Quante volte trasgrediamo il comandamento di non tentare Dio?
Molte delle nostre preghiere, spesso, non sono altro che questo: una tentazione posta a Dio. Una tentazione affinché se davvero Egli è Dio (pensiamo noi), allora si manifesti, con un segno prodigioso, talvolta addirittura un segno che danneggi un nostro fratello con il quale non andiamo d’accordo. Domandiamo cose umane, secondo principi e per fini umani, ed anche qui tentiamo Dio, nella sua divinità, che non può accomodare certe nostre pretese. E persino la partecipazione alla celebrazione eucaristica può tradursi in un nostro misero “mettere alla prova Dio”, nella sua pazienza, a motivo della nostra inadeguatezza spirituale e comportamentale.

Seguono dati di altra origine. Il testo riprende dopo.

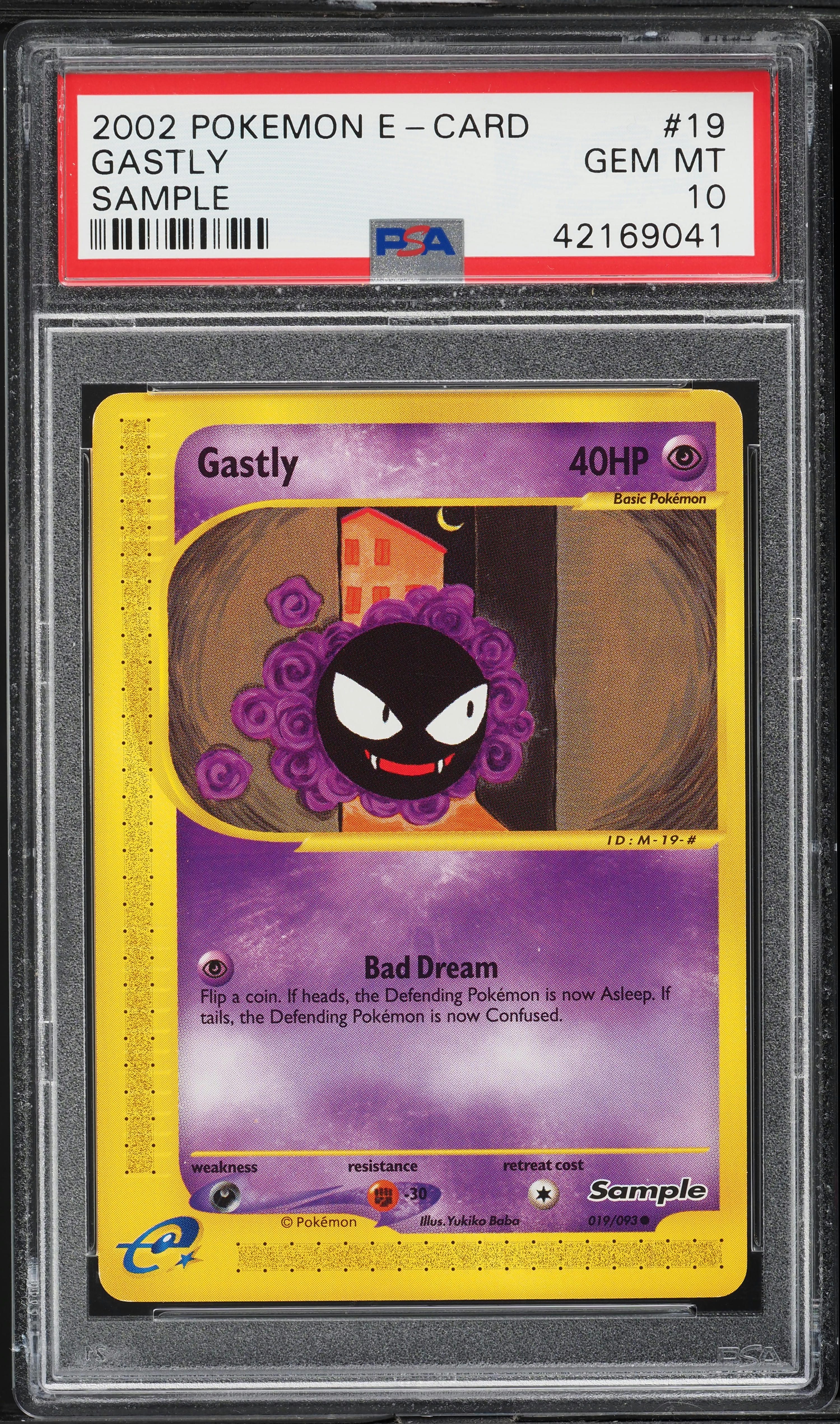 2002 Pokemon E-Card Sample Gastly #19 PSA 10 GEM MINT on Fanatics
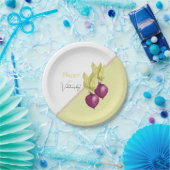 Kute beets in Love Waterverf Hand-schilderde Papieren Bordje (Feest)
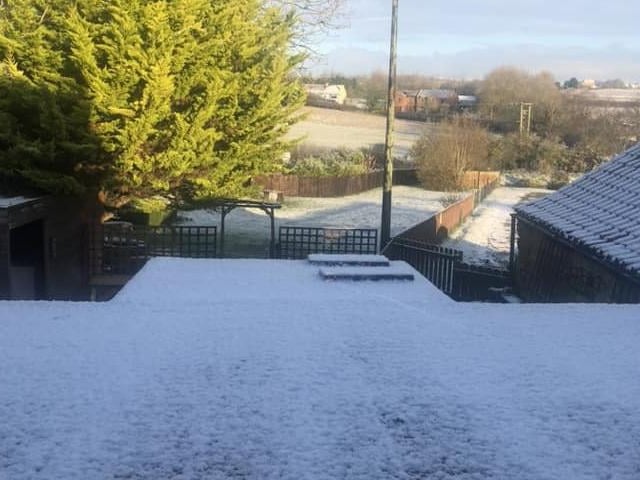 Jonny Rose's view this morning.
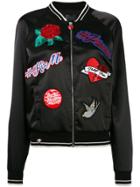 Philipp Plein Embroidered Bomber Jacket - Black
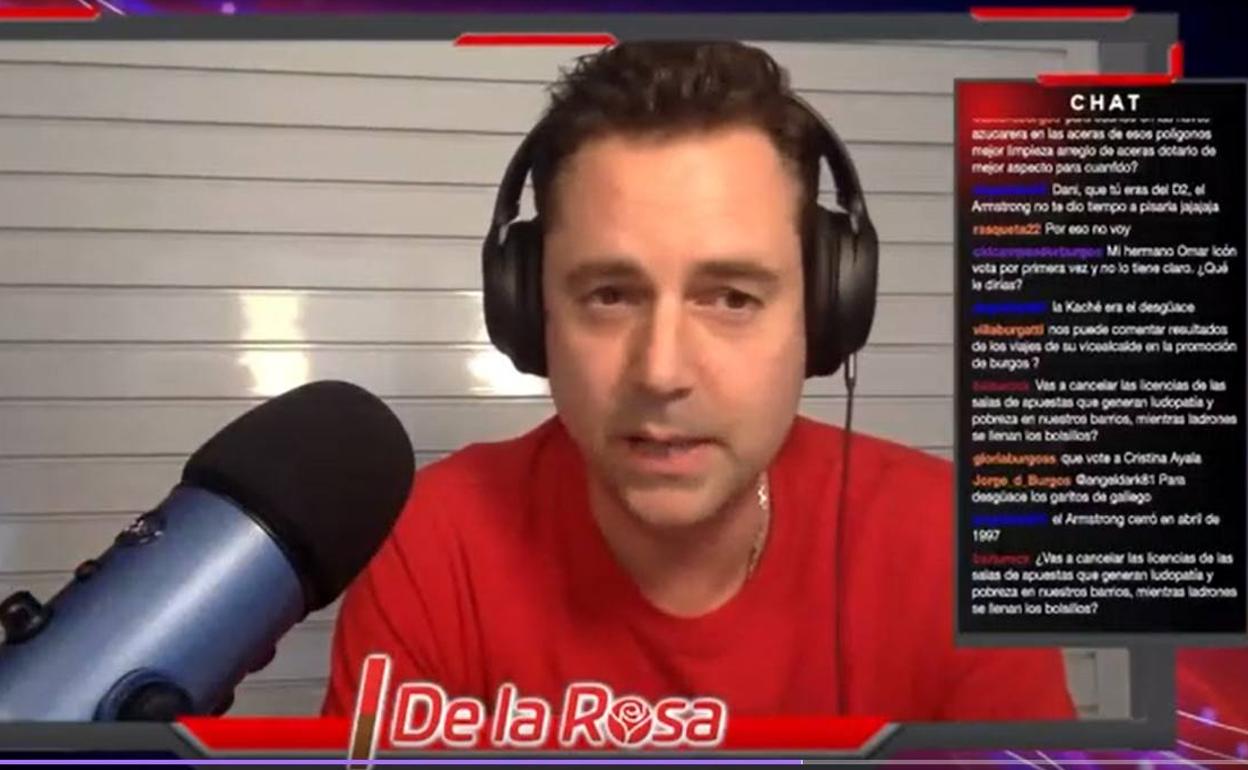 Daniel de la Rosa ha repetido como streamer. 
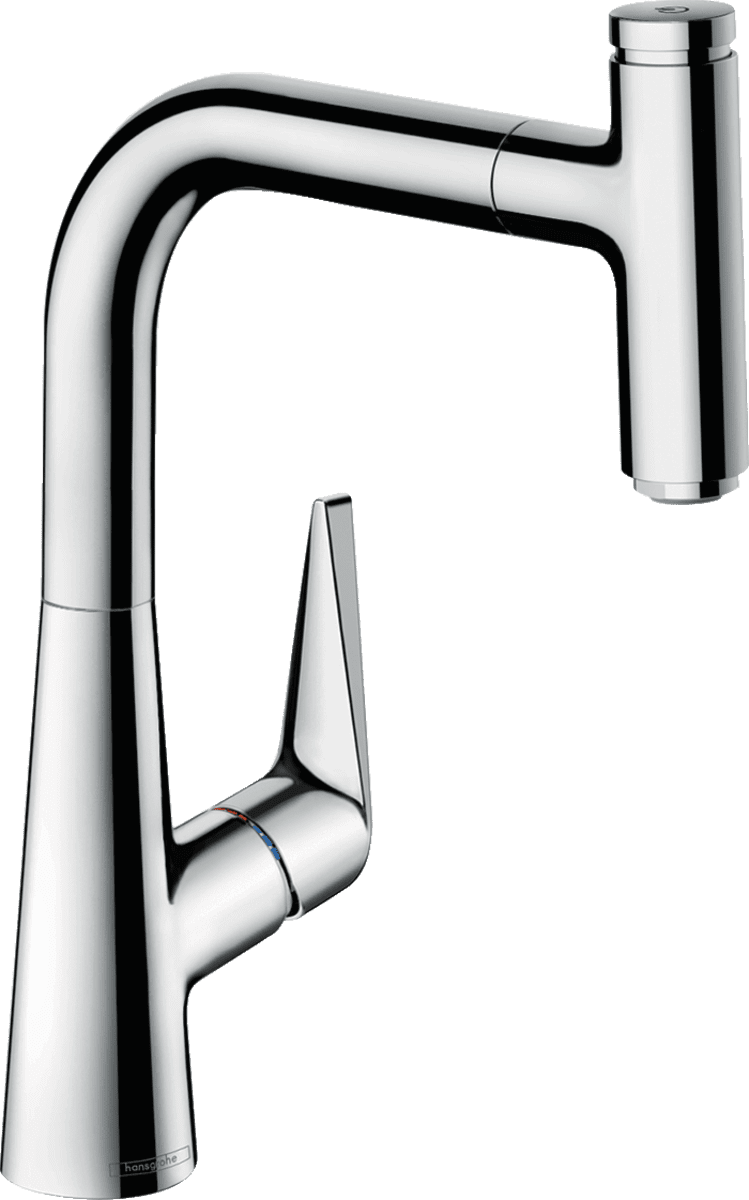 Зображення з  HANSGROHE Talis Select M51 Single lever kitchen mixer 220, pull-out spout, 1jet #72822000 - Chrome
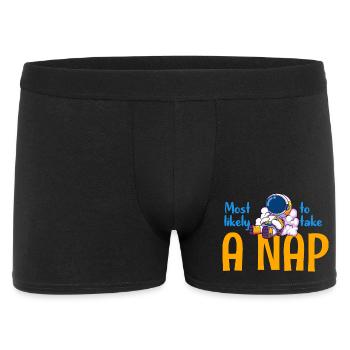 Les plus susceptibles de faire une sieste - Boxer Homme - noir - Devant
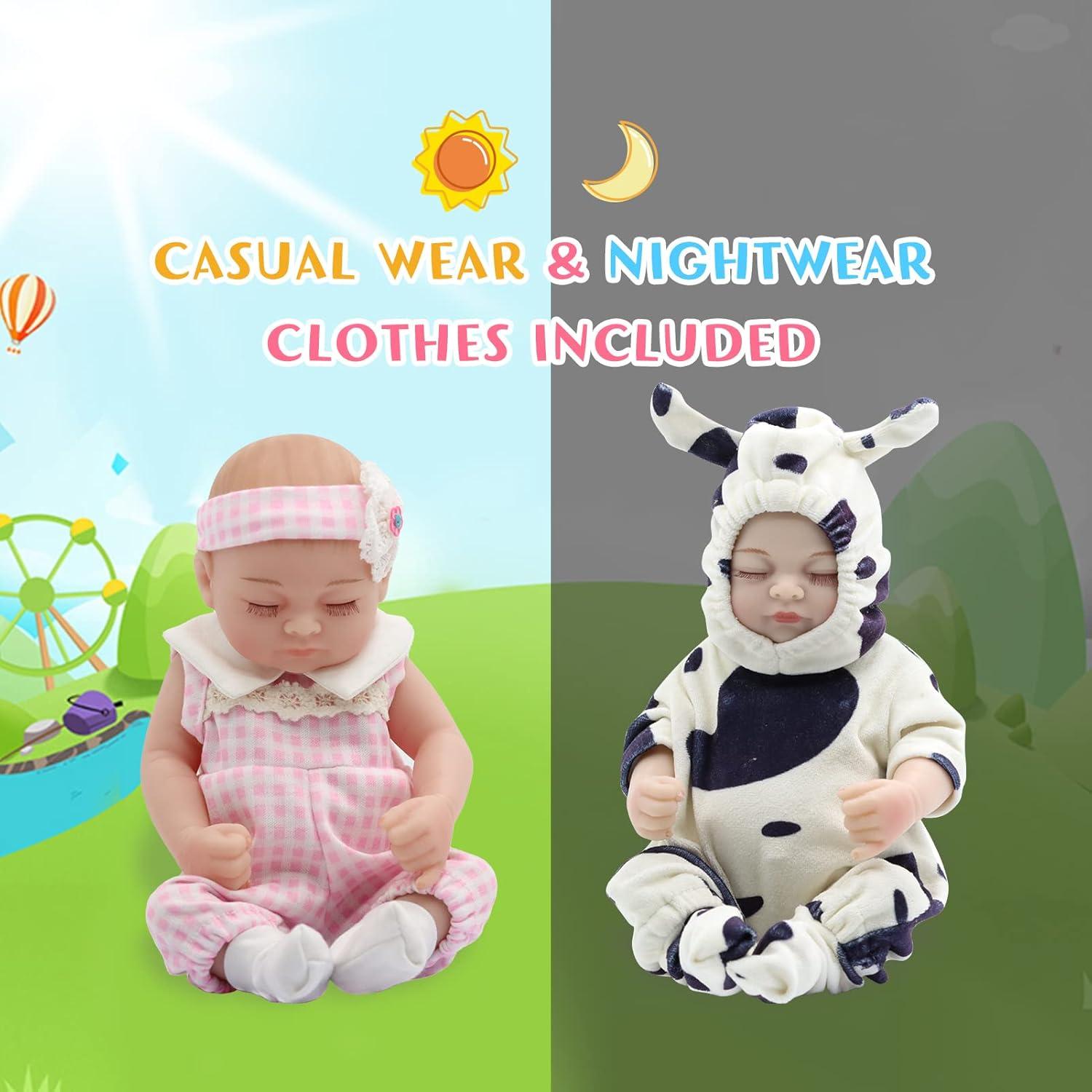 Muñeca de Bebé Realista JRLCGYP 25.4 cm con Accesorios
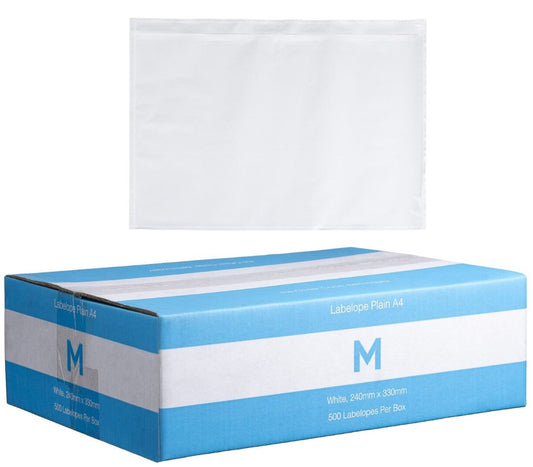 Plastic Labelope Plain A4 - Matthews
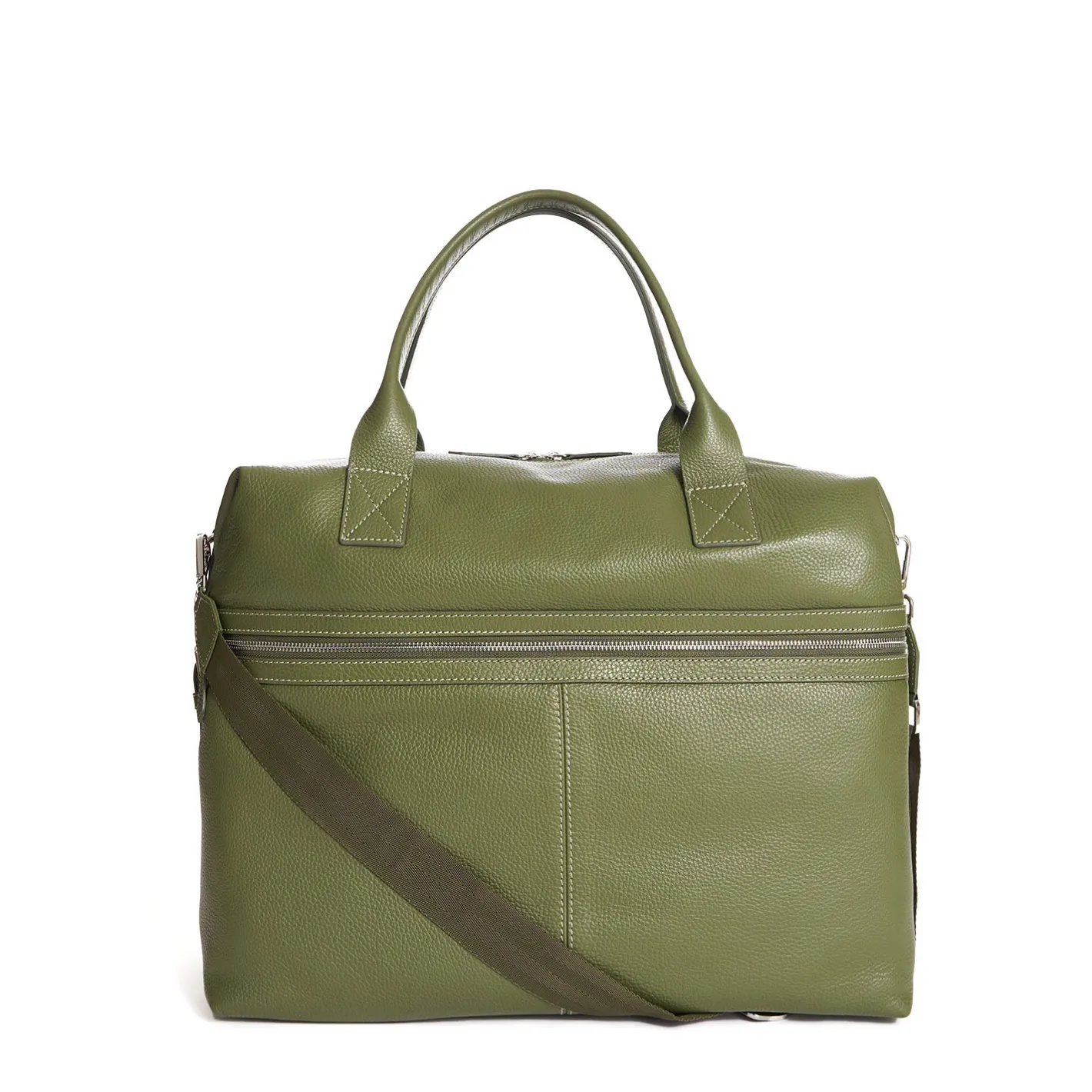 E.Marinella BORSA DA VIAGGIO VERDE OLIVA In pelle martellata Sale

Esigiamo che Dio assecondi le nostre richieste, secondo i nostri tempi e volontà; pretendiamo il suo perdono – che ci ha meritato la passione di suo Figlio – anche quando il nostro pentimento non è che un’infatuazione transitoria, se non addirittura un superstizioso approccio al ministero della confessione. Vogliamo che i nomi dei nostri defunti siano ben citati nella celebrazione, nome e cognome, quasi che Dio avesse bisogno di questo per donar loro, si spera, la vita eterna. Ci teniamo che la gente ci veda mentre siamo a Messa, che ci veda leggere o che ci senta cantare, e la nostra attenzione è posta più sul giudizio degli uomini che su quello di Dio.
E se non siamo accontentati subito nei nostri capricci, allora offendiamo Dio in tanti modi, fino addirittura talvolta a dubitare della sua esistenza. Se diamo un soldo a un povero (lo sia o non lo sia davvero), abbiamo bisogno che ci noti qualcuno, per riceverne le lodi umane.
Gesù misericordioso, abbi pietà di noi! Tu sei morto fra sofferenze atroci, e noi siamo totalmente indegni di ciò che hai fatto per noi.
Salva la tua Chiesa, Gesù! Salva noi che ci diciamo tuoi fedeli!